(DALLAS) -- A federal commission has determined that a former Dallas police officer with a lengthy disciplinary record was wrongly fired in March 1999 and also stated that there is evidence that the Dallas Police Department has discriminated against black officers.
The Equal Employment Opportunity Commission issued a three-page determination that Harold Cornish was discharged in retaliation for making requests for police disciplinary records under the Freedom of Information Act.
Mr. Cornish, 39, who has appealed to the city manager to be reinstated, called the ruling a dream come true.
“All the discipline against me was retaliatory,” he said on Nov. 21. “They were going to try to show me up and destroy my credibility.”
Police officials said the discrimination allegations are against a previous leadership.

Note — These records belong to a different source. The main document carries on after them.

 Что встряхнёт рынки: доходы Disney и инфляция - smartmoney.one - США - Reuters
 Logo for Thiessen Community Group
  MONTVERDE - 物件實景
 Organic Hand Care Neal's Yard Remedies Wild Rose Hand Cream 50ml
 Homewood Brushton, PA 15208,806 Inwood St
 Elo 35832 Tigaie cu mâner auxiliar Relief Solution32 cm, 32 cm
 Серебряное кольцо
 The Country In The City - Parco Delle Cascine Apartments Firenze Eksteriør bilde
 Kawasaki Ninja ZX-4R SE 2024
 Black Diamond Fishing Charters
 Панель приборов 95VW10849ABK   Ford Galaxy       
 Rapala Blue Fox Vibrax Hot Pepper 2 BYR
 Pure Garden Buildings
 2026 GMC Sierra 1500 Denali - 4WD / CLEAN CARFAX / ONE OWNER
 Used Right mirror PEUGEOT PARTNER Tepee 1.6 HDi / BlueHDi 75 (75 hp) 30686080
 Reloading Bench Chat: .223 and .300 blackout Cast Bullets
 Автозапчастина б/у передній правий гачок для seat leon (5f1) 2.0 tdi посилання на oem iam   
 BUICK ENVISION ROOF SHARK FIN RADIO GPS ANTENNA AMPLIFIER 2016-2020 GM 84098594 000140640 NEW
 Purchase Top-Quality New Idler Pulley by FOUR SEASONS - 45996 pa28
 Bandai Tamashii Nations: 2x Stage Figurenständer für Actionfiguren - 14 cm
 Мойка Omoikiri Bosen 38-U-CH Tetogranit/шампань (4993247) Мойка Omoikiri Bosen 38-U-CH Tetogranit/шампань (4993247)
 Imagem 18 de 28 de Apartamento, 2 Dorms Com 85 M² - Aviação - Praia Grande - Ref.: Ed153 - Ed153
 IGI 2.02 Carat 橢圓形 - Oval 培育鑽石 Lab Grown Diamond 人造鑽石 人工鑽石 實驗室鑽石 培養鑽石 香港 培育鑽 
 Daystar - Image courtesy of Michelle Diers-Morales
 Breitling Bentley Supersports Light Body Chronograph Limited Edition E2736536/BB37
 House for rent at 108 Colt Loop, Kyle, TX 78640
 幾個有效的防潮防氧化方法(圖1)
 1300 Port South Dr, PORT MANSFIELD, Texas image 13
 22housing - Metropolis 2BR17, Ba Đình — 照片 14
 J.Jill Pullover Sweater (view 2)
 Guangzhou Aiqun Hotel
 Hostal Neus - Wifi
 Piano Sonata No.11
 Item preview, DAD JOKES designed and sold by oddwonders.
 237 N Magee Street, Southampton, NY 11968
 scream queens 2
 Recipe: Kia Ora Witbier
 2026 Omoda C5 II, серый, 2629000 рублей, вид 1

“All of this relates to a prior administration,” said Sgt. Hollis Edwards, a department spokesman. “The current administration is committed to fair and impartial treatment for all of its employees.”
Mr. Cornish, who is black, was fired twice in the late 1980s and reinstated both times under civil appeals.
He was fired again in March 1999 by retired Police Chief Ben Click for 13 violations of the department’s code of conduct and general orders.
At the time of his most recent dismissal, police officials strongly denied that race was a factor in Mr. Cornish’s termination.
Sgt. Jim Chandler, then spokesman for the department, pointed to a lengthy record of improper behavior.
The EEOC ruling, dated Nov. 17 and received by the city Nov. 20, states that discipline for alleged violations of police policy began at the same time that Mr. Cornish began making requests for disciplinary records as part of a complaint by black officers alleging disparate treatment within the department.
The ruling also states that the department has given black officers harsher discipline than nonblack officers who have violated similar policies.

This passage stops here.